• _DATA SECTION_
%%
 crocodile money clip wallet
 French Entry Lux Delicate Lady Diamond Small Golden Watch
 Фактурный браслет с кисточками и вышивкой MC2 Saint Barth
%%
• _TASK GOAL_
Give back every line of the material, exactly as written.

• _REPLY TO THE EXERCISE_
 crocodile money clip wallet
 French Entry Lux Delicate Lady Diamond Small Golden Watch
 Фактурный браслет с кисточками и вышивкой MC2 Saint Barth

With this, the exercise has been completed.